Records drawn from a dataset

********

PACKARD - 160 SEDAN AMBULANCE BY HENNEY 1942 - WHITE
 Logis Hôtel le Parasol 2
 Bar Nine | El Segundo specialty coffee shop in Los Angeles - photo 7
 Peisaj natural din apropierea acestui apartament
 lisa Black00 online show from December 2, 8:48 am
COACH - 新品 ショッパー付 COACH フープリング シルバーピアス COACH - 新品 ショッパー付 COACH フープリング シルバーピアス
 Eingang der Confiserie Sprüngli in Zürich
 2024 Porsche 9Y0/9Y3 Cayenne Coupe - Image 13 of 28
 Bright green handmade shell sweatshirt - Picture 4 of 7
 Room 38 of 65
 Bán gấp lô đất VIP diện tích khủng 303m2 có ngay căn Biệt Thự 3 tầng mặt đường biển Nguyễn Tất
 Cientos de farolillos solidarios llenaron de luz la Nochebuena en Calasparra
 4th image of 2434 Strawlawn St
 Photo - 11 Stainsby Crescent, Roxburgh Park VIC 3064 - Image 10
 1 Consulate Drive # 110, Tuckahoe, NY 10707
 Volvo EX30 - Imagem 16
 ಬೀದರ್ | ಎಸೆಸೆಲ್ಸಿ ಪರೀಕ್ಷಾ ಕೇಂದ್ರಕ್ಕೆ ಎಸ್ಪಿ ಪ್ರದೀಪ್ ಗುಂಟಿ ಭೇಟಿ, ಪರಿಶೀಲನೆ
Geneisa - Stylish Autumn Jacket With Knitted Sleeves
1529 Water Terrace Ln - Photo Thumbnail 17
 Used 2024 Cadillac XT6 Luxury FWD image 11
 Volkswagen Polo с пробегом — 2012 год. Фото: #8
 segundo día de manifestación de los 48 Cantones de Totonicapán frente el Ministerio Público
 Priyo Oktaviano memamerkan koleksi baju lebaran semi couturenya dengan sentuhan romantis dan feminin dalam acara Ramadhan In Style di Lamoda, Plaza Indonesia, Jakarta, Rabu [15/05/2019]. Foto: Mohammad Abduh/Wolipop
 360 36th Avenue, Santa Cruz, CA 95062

********

In this exercise, repeat the entries above verbatim.

■ Answer:
PACKARD - 160 SEDAN AMBULANCE BY HENNEY 1942 - WHITE
 Logis Hôtel le Parasol 2
 Bar Nine | El Segundo specialty coffee shop in Los Angeles - photo 7
 Peisaj natural din apropierea acestui apartament
 lisa Black00 online show from December 2, 8:48 am
COACH - 新品 ショッパー付 COACH フープリング シルバーピアス COACH - 新品 ショッパー付 COACH フープリング シルバーピアス
 Eingang der Confiserie Sprüngli in Zürich
 2024 Porsche 9Y0/9Y3 Cayenne Coupe - Image 13 of 28
 Bright green handmade shell sweatshirt - Picture 4 of 7
 Room 38 of 65
 Bán gấp lô đất VIP diện tích khủng 303m2 có ngay căn Biệt Thự 3 tầng mặt đường biển Nguyễn Tất
 Cientos de farolillos solidarios llenaron de luz la Nochebuena en Calasparra
 4th image of 2434 Strawlawn St
 Photo - 11 Stainsby Crescent, Roxburgh Park VIC 3064 - Image 10
 1 Consulate Drive # 110, Tuckahoe, NY 10707
 Volvo EX30 - Imagem 16
 ಬೀದರ್ | ಎಸೆಸೆಲ್ಸಿ ಪರೀಕ್ಷಾ ಕೇಂದ್ರಕ್ಕೆ ಎಸ್ಪಿ ಪ್ರದೀಪ್ ಗುಂಟಿ ಭೇಟಿ, ಪರಿಶೀಲನೆ
Geneisa - Stylish Autumn Jacket With Knitted Sleeves
1529 Water Terrace Ln - Photo Thumbnail 17
 Used 2024 Cadillac XT6 Luxury FWD image 11
 Volkswagen Polo с пробегом — 2012 год. Фото: #8
 segundo día de manifestación de los 48 Cantones de Totonicapán frente el Ministerio Público
 Priyo Oktaviano memamerkan koleksi baju lebaran semi couturenya dengan sentuhan romantis dan feminin dalam acara Ramadhan In Style di Lamoda, Plaza Indonesia, Jakarta, Rabu [15/05/2019]. Foto: Mohammad Abduh/Wolipop
 360 36th Avenue, Santa Cruz, CA 95062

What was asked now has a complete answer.